It was so striking that the place where he was cremated was in the ashram courtyard where a row of trees had been planted a year or so before. When those trees were being planted in a line from the front of the courtyard up to the dharmashala in the back, Baba told me, "Dada, leave a gap in the middle and don't plant any trees there." Then when I saw where the fire was smoldering, I knew that he had prepared the place and that people were unnecessarily fighting among themselves that he should be cremated somewhere else. He knew much in advance what drama, what trick he was to play, and prepared the stage. I was feeling helpless because the parting was certainly very painful. One could not get over the shock so very easily. However I might argue and console that he is not gone, still I was a human being and could not take it with such a stout heart, as I sometimes pretended to do. I was very much upset.
Before we were to leave the next day, it was decided that the ashes and flowers would be collected to be immersed in a number of places. Some would go to the Ganges in Hardwar, some to the sangam in Allahabad, and other places. The ashes for Allahabad were to be brought to our house and immersed by us. Mukund, Rajuda, and others brought the urn there and it was kept in Babaji's room.
Devotees from Delhi, Lucknow and other places had asked us to wait until Sunday, when they could come and join in the ceremony. So for three days the urn was kept in the room and every evening the Hanuman Chalisa was sung.
On Sunday the urn was to be taken for immersion. On Saturday night, when the kirtan was over, the flowers were being collected from his bed and the bed cover was to be removed. The idea came to me that his bed could not be empty, as if everything had ended. How could his bed be empty when he had said, "I am always here?"
The idea came that there should be a picture, and the one that was at hand was a picture of his feet that was taken by Balaram. After all, a guru's feet are the same thing as the guru himself, rather more precious than the guru's body. The photograph needed a frame, but it was eight o'clock at night so the question was how to get one. I asked my nephew Vibouti to go to the Civil Lines market and buy a frame. Everyone said, "No, it is eight o'clock at night, the shop will be closed." But I insisted that he go and try. The photographers knew me very well and they lived in the adjoining area; he could take my name and get it. Vibouti returned so very happy with the frame and I was also overjoyed. The framed photograph was put on Maharaj ji's bed.
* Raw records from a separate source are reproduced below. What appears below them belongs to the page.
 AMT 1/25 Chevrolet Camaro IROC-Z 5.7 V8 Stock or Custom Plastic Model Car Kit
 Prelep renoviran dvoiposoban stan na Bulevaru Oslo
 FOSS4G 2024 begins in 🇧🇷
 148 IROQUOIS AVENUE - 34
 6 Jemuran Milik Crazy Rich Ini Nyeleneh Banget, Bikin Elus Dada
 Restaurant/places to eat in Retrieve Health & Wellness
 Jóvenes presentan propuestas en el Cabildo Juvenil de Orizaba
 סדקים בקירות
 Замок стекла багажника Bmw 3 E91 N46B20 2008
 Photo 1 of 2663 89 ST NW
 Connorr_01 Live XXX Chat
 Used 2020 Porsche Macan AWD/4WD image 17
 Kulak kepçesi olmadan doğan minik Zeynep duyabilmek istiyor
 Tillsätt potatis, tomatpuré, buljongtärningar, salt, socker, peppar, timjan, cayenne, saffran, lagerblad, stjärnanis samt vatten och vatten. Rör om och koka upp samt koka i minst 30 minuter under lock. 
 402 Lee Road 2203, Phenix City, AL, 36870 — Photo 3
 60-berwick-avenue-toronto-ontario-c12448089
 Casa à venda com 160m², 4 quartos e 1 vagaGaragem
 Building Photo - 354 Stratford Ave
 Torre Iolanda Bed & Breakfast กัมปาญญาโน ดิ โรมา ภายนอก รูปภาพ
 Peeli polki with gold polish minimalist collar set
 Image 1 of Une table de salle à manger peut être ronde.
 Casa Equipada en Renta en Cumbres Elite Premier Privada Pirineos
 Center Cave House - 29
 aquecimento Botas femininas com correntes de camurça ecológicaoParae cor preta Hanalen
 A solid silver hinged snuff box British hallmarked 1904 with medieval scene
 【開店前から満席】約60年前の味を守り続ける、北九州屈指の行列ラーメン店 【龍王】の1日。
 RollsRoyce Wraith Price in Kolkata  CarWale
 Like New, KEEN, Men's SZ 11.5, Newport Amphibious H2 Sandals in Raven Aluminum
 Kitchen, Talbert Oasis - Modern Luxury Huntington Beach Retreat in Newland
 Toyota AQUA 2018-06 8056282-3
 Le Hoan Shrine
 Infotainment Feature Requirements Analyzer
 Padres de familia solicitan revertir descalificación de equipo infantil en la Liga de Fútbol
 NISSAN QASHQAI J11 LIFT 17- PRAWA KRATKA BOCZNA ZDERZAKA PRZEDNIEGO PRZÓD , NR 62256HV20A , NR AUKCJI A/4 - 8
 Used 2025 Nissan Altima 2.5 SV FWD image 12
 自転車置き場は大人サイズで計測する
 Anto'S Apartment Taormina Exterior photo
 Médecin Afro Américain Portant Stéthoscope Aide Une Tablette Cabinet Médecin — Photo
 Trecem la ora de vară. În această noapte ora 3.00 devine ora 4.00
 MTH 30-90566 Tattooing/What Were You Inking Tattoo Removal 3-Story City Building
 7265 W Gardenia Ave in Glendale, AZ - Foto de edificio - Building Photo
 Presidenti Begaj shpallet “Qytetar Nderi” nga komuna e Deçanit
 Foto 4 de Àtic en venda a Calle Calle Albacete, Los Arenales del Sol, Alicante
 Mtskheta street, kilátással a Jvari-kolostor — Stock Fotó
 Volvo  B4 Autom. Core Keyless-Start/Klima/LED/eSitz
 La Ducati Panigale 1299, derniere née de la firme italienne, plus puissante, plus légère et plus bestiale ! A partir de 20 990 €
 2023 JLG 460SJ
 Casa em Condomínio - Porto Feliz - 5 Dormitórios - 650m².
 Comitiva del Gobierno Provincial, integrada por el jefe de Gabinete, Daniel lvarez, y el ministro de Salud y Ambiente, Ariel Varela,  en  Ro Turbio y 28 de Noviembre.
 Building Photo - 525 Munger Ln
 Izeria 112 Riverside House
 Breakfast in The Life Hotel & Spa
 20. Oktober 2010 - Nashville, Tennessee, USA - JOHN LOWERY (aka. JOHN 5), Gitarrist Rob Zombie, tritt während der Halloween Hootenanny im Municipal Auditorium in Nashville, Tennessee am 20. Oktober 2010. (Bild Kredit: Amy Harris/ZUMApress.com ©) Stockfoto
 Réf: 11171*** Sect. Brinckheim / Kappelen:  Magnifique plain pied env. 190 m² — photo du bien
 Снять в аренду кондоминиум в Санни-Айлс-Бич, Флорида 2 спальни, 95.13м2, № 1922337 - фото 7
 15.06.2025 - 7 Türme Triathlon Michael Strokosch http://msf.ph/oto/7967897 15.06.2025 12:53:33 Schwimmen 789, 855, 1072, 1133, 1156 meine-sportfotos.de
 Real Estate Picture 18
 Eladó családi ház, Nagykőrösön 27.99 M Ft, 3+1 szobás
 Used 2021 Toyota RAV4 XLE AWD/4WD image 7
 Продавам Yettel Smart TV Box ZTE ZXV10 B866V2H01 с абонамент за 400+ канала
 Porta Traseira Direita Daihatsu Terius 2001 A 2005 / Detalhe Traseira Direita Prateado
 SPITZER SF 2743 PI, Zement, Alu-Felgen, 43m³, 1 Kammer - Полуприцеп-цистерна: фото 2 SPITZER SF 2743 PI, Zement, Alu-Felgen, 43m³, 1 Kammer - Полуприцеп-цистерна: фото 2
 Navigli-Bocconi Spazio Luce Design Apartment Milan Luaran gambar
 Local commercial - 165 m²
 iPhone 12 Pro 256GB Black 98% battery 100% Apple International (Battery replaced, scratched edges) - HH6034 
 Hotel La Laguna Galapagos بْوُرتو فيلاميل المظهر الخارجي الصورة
The next day such a large number of persons came, not only from Allahabad, but elsewhere also. The urn was taken in a procession to the sangam. It was the middle of September and the flood waters of the Ganges had not yet fully subsided, so large barges were engaged to take us to a sand bar in the middle of the river. In one barge the priest, Triveni Prasad, along with Mukund, Rajuda, myself, Didi, Mr. Ojha, Pantji, and many others took the urn.
Ceremonies had to be performed and there was no question of my doing them because I knew nothing about it. Mukund did them. Then came the offering of the rice bowl and they said I was to do it. Generally, the eldest son does it; but a saint is not supposed to have a son and therefore the favorite disciple does it. At first I refused to do it, but they insisted and finally I had to get down into the water. The current of the river was so strong that some persons had to hold onto me while I recited the mantras and made the offering. I had been more or less in a trance or semiconscious state all this time, but at that point I woke up and tears came in my eyes. I thought, "You have filled both my hands with all I desired, all the sweet and good things, and look what I am offering to you."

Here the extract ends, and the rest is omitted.